I am a firm believer that energy work is not just a bunch of woo. Ok, maybe it is pretty woo-woo but I don't care because it still works! Studying and working to becoming an Emotion Code Practitioner has actually made me wonder why it works more than just trusting that it works. If I understand it better from a science perspective, I can hopefully, explain it better to new customers or to someone that is teetering on wanting to believe that it is possible but not quite there yet. And, I'm just curious that way.
From studying Emotion Code and other areas of energy work, it makes sense to me that our body stores our emotions and traps them into our tissues and organs because if you break us all down to the atomic level, we are all made up of basic energy units. I stopped there at understanding things and that was sufficient for a long time. But lately I've become much more curious, as I work on individuals and animals using the Emotion Code technique, I'm amazed and fascinated as we determine what age emotions become trapped in their bodies. How does that work? I keep getting asked how do I tap into someone else's energy system whether it be an animal or human from a distance or if they are just standing next to me and I'm touching their arm doing muscle testing.
I don't think I can answer the distance question just yet. I don't understand quantum physics anywhere close enough to grasp that concept just yet. But as I ponder on things as I rake my alpaca poop up, I got to thinking about how memories are created. We take them for granted that we have them. But do we ever think about how the physiology of memory works? I went to Google after I was done raking to see what studies were out there that talked about that. I found a few interesting articles about how memories are stored. That was intriguing but didn't quite answer the question I was looking for. I Googled the Biochemistry of Memories and came up with some very fascinating articles and the energy work started to make further sense reading them. I also read an interesting article recently titled, Heart to Heart. It is a study of the connection of human and horses being done using electrocardiograms. They monitored the beat to beat changes in both horse and animals to measure quantitatively the bond between them.
I have to admit, that many of the articles I read were beyond my comprehension but I came away with understanding some basics at least. If our memories are created by a neurostransmitter or biochemicals. These biochemicals are just energetic molecules that come together making cells. So why not have our cells have some sort of memory abilities?

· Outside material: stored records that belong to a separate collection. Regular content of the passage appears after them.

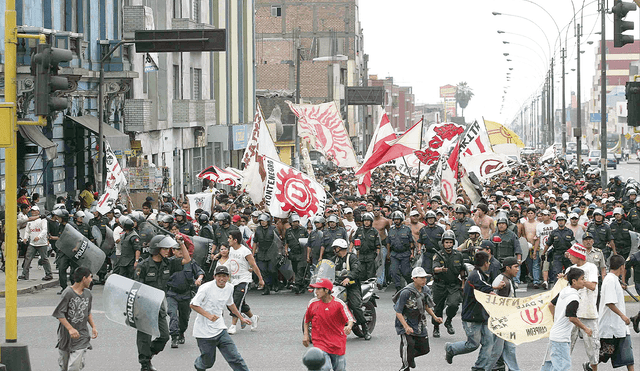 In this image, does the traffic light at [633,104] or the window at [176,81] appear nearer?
the traffic light at [633,104]

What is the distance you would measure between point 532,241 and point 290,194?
475 cm

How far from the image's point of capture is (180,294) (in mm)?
13164

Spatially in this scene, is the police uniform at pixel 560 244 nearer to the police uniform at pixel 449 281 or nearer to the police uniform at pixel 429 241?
the police uniform at pixel 429 241

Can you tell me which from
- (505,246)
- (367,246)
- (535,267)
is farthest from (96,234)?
(535,267)

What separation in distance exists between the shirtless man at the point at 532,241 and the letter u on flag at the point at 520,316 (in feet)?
27.4

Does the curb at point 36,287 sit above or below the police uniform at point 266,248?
below

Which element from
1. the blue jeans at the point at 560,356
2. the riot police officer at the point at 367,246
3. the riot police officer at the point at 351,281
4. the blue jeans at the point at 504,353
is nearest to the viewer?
the blue jeans at the point at 560,356

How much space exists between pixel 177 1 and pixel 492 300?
3258 centimetres

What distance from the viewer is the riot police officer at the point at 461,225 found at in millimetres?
17656

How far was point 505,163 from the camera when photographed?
29.3 meters

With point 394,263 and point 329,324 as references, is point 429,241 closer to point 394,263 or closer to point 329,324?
point 394,263

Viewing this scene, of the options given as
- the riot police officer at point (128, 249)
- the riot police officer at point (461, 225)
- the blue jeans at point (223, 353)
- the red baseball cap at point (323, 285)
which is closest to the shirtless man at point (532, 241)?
the riot police officer at point (461, 225)

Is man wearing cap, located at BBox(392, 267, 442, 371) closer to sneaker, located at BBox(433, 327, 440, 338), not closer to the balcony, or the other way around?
sneaker, located at BBox(433, 327, 440, 338)

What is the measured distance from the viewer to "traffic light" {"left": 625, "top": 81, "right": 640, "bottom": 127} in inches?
479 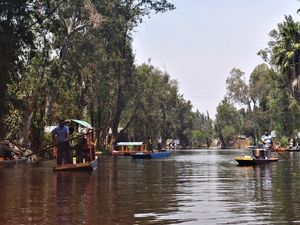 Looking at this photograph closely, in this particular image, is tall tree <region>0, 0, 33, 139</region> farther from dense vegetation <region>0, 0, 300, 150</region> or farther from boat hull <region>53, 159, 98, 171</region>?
boat hull <region>53, 159, 98, 171</region>

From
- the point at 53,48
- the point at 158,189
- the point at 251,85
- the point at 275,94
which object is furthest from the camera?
the point at 251,85

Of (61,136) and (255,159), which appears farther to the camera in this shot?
(255,159)

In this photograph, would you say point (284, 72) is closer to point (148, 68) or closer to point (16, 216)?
point (148, 68)

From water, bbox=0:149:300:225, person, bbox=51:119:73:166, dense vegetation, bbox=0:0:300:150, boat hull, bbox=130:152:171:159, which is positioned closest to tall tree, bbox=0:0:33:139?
dense vegetation, bbox=0:0:300:150

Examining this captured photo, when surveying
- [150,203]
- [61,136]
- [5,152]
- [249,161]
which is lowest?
[150,203]

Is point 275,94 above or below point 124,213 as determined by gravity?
above

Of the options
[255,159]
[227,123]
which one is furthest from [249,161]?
[227,123]

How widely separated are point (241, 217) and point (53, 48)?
126ft

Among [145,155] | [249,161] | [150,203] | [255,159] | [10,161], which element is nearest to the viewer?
[150,203]

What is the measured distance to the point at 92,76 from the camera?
56906 millimetres

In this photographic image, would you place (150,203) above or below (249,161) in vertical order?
below

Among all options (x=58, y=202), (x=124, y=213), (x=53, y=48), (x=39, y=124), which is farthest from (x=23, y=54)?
(x=124, y=213)

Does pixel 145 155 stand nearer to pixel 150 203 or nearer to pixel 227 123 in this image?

Yesterday, my wrist started to ache terribly like I sprained it. I didn't recall doing anything that would cause that much discomfort. I didn't feel anything tweak while I tended to my alpacas yesterday. I did do some extra herd health work so it was possible but for it to hurt the way it did, I expected it to have some cause and incident. I couldn't recall anything though. I decided to see if I had any trapped emotions regarding my wrist and came up with 2. I released them but it still ached. I asked my subconscious if there was an injury to it and I got yes. It wasn't just trapped emotions causing the pain. But at least it felt a little less painful after doing the energy work so I went off to bed for the night. As I turned off the house lights, I didn't judge my distance from a door and bashed my arm into it. In that instant, I had an immediate memory come to me from when I was a young child. I remembered stubbing and breaking a toe and crying to my dad about it. Instead of giving me a hug, in his typical teasing fashion, he gave me a light slug-bug hit to my arm. I hollered at him about why he did that. He asked me if I forgot about my toe. I didn't want to stop crying but I was laughing at the craziness of his logic and the silly grin on his face and it worked, I did forget about my toe for a bit. As I ran into that door after working on my wrist, I forgot about the pain in my wrist and rubbed my upper arm that I just bashed and laughed because of the memory. So was there a memory in my arm that got hit in that spot over 40 years ago that triggered my brain to remember the incident? Or is there just that good of a filing system in the brain decided to open that file from 40+ years ago just because I hit my shoulder? I bonk into things all the time so why not have that file open more often? Why this time did it open? Or was it because I released a trapped emotion seconds before and I repeated a similar injury to trigger the old memory?
I am believing more and more that our organs and tissues carry some of those memories. One more thing I've Googled and that is "organ transplants and memory." There is a lot of interesting stories of people who have received transplants having the memory of the person that had those organs before them. Paul Pearsall wrote a book titled The Heart's Code. It talks about heart transplant patients also having part of the donor's personality and memories transplanted with the heart transplant. Fascinating cases documented in this book. After reading these cases, I suggest perhaps those trying to convince me that energy work and other organs carrying memories don't exist and doesn't happen are the ones with the logic that perhaps is the woo-woo.